Proteomic profiling of naturally protected extraocular muscles from the dystrophin-deficient mdx mouse.

Author information

1
Department of Biology, National University of Ireland, Maynooth, Co. Kildare, Ireland.

Abstract

Duchenne muscular dystrophy is the most frequent neuromuscular disorder of childhood. Although this x-linked muscle disease is extremely progressive, not all subtypes of skeletal muscles are affected in the same way. While extremities and trunk muscles are drastically weakened, extraocular muscles are usually spared in Duchenne patients.

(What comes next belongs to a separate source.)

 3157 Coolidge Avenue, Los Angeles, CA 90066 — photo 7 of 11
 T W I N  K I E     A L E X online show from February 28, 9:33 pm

In order to determine the global protein expression pattern in these naturally protected muscles we have performed a comparative proteomic study of the established mdx mouse model of x-linked muscular dystrophy. Fluorescence difference in-gel electrophoretic analysis of 9-week-old dystrophin-deficient versus age-matched normal extraocular muscle, using a pH 4-7 gel range, identified out of 1088 recognized protein spots a moderate expression change in only seven protein species. Desmin, apolipoprotein A-I binding protein and perilipin-3 were found to be increased and gelsolin, gephyrin, transaldolase, and acyl-CoA dehydrogenase were shown to be decreased in mdx extraocular muscles. Immunoblotting revealed a drastic up-regulation of utrophin, comparable levels of beta-dystroglycan and key Ca(2+)-regulatory elements, and an elevated concentration of small stress proteins in mdx extraocular muscles. This suggests that despite the lack of dystrophin only a limited number of cellular systems are perturbed in mdx extraocular muscles, probably due to the substitution of dystrophin by its autosomal homolog. Utrophin appears to prevent the loss of dystrophin-associated proteins and Ca(2+)-handling elements in extraocular muscle tissue. Interestingly, the adaptive mechanisms that cause the sparing of extraocular fibers seem to be closely linked to an enhanced cellular stress response.

PMID:
20471957
DOI:
10.1016/j.bbrc.2010.05.052
[Indexed for MEDLINE]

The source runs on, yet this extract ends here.